In lieu of a trail mix today, I wanted to share a recent EP release by a Durham, North Carolina band, Hardworker.
I was nervous to start listening to something called The Awful Rowing, which I assume is a heavy nod to Anne Sexton‘s posthumously published, death-meditating The Awful Rowing Toward God, because I was having such a carefree morning. But, I said, this is my job. Surgeons face death all the time. Garbage collectors. Shamans. So, too, must online music review writers.
I pressed play.
The first track is a good roadmap for the album, showcasing singer/songwriter Sus Long’s range, themes, and poetry, but the real gems on the EP are “The Apathy Hymn” and “The Awful Rowing.” They are both straightforward tunes that do a good job making fine folk musicianship sound effortless. “The Apathy Hymn” proves to be only half-aptly named. You can sing along, hymn-like, before the song’s over, but the lyrics are anything but apathetic, which, in an era that has made an art of apathy, is oddly refreshing. Long repeats: “I don’t care to find the things that I lost” as if trying to convince herself of it, unable to see, until the end of the tune, that she’s had it all along.
I’m told the band was born out of backyard and basement post-party jams, and that comes through in the best way possible, especially in the last track. “The Awful Rowing” opens by showing the talent of the individual musicians in the group, but swells to give us what they can make together. The production is such that if I close my eyes and put a cold mason jar in my hand I can almost imagine that this group of friends is sitting right here on the deck with me, the cuffs of their jeans rolled up just so.

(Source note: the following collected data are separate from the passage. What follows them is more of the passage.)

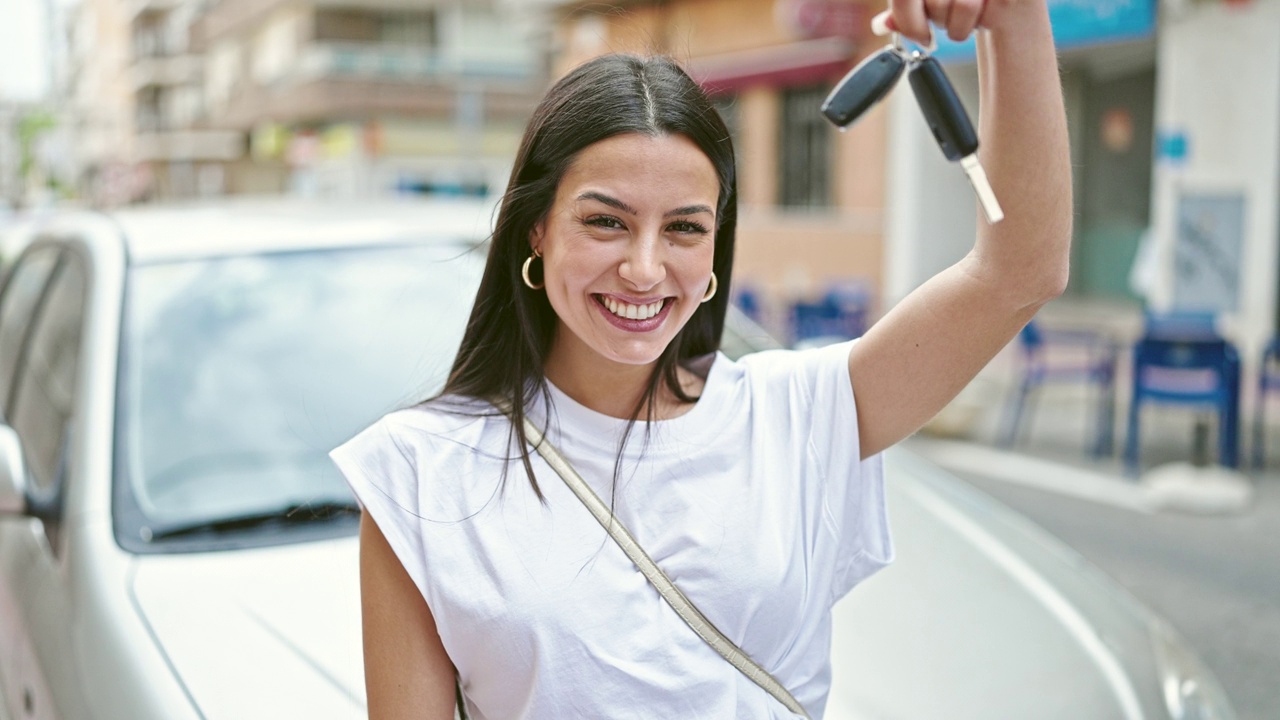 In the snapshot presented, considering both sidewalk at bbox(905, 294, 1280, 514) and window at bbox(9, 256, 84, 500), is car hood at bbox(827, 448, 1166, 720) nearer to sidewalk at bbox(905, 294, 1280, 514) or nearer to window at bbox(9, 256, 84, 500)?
window at bbox(9, 256, 84, 500)

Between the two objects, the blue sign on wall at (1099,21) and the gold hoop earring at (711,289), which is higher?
the blue sign on wall at (1099,21)

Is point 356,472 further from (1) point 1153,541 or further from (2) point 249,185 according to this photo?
(2) point 249,185

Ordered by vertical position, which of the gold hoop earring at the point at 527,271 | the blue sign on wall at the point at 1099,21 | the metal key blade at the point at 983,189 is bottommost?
the gold hoop earring at the point at 527,271

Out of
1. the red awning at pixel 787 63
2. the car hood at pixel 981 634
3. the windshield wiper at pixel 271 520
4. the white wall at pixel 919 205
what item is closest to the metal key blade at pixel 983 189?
the car hood at pixel 981 634

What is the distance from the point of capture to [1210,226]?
1103cm

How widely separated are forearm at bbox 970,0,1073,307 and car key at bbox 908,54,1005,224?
2 cm

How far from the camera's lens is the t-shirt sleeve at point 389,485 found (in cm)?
138

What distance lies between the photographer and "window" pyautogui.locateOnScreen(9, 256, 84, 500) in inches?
107

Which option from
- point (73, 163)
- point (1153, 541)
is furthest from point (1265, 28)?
point (73, 163)

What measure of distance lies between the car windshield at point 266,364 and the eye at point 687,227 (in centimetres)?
111

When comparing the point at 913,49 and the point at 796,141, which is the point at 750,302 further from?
the point at 913,49

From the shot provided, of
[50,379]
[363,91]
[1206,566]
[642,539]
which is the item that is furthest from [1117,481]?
[363,91]

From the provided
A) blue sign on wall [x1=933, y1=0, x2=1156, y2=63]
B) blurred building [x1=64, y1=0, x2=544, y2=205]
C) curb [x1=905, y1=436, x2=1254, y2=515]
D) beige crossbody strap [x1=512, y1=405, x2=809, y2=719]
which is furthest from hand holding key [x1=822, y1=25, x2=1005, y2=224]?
blurred building [x1=64, y1=0, x2=544, y2=205]

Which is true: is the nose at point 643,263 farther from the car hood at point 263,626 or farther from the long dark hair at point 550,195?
the car hood at point 263,626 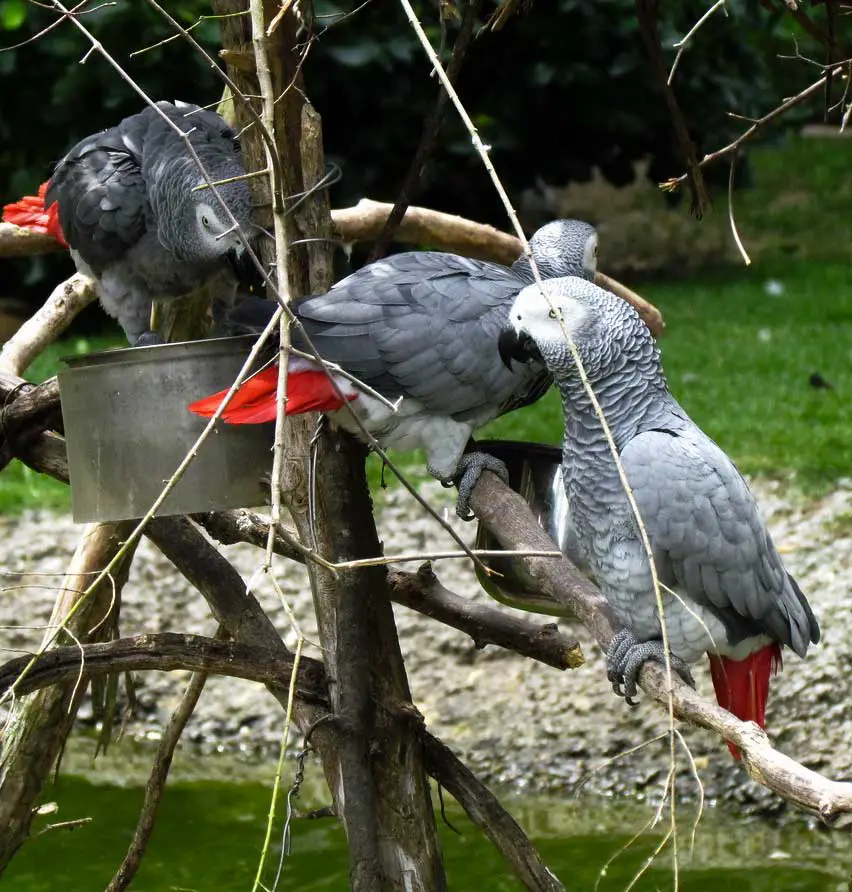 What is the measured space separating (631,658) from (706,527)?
0.18 metres

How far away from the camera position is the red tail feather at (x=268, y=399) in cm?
142

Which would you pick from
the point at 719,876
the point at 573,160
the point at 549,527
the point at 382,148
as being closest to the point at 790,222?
the point at 573,160

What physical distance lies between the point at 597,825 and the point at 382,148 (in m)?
3.09

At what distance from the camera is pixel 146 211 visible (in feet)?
6.24

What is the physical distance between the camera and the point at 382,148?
16.1 feet

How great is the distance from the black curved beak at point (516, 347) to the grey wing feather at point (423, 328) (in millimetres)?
11

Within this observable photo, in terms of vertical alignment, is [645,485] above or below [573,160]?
below

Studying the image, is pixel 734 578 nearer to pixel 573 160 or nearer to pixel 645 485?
pixel 645 485

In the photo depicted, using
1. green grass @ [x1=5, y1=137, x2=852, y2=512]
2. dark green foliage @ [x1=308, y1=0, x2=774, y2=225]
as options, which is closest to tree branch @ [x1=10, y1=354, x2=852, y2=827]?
green grass @ [x1=5, y1=137, x2=852, y2=512]

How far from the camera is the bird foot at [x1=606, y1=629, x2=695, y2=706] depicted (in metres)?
1.42

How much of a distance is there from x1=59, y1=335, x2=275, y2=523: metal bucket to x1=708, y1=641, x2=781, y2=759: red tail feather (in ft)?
2.27

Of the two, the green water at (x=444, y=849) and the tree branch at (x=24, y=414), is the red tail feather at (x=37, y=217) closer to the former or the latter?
the tree branch at (x=24, y=414)

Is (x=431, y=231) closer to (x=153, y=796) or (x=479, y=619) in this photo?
(x=479, y=619)

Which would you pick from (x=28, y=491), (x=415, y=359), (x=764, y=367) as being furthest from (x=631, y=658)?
(x=764, y=367) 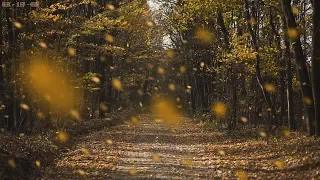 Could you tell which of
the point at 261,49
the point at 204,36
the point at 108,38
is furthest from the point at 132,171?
the point at 204,36

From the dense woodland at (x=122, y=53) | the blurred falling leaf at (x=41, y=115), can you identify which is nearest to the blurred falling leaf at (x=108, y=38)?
the dense woodland at (x=122, y=53)

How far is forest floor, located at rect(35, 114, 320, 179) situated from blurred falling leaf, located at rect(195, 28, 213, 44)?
31.3ft

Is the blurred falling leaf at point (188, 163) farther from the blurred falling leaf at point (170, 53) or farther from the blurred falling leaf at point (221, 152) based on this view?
the blurred falling leaf at point (170, 53)

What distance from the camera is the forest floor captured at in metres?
10.8

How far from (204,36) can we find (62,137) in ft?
46.1

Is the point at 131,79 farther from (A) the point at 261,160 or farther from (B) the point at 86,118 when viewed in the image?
(A) the point at 261,160

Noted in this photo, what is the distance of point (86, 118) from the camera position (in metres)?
28.9

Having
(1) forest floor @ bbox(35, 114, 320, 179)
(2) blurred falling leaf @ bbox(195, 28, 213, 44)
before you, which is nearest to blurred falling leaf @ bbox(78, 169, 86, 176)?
(1) forest floor @ bbox(35, 114, 320, 179)

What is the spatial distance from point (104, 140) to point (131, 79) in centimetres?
2513

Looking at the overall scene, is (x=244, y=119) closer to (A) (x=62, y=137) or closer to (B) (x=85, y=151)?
(A) (x=62, y=137)

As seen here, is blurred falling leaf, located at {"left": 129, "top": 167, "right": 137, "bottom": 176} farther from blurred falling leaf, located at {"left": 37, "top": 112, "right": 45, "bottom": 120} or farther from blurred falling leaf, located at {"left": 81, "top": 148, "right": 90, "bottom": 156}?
blurred falling leaf, located at {"left": 37, "top": 112, "right": 45, "bottom": 120}

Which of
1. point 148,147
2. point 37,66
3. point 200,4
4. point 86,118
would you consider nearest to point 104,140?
point 148,147

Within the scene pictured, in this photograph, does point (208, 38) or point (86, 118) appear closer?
point (208, 38)

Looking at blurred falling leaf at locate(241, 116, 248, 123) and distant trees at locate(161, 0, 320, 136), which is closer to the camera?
distant trees at locate(161, 0, 320, 136) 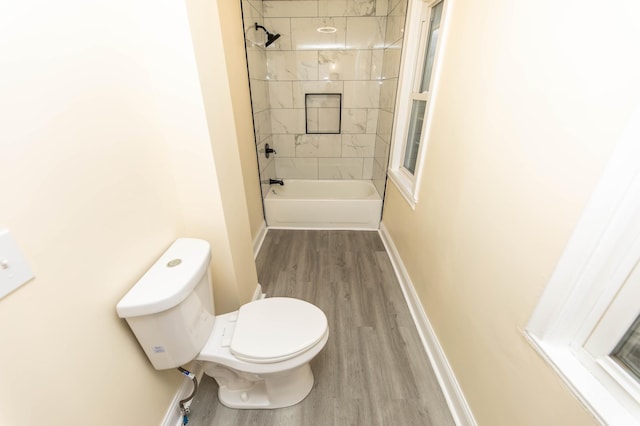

As I initially feared, the album addresses nothingness, death, and God head-on, but could it really be a blues-folk album if it didn’t? The Awful Rowing is joining a long tradition of meditating on the beyond through song, but not in a dusty way. In a way that invites both toe-tapping and contemplation, without irony, without hesitation, and without feeling alone. The hard work of Hardworker paid off.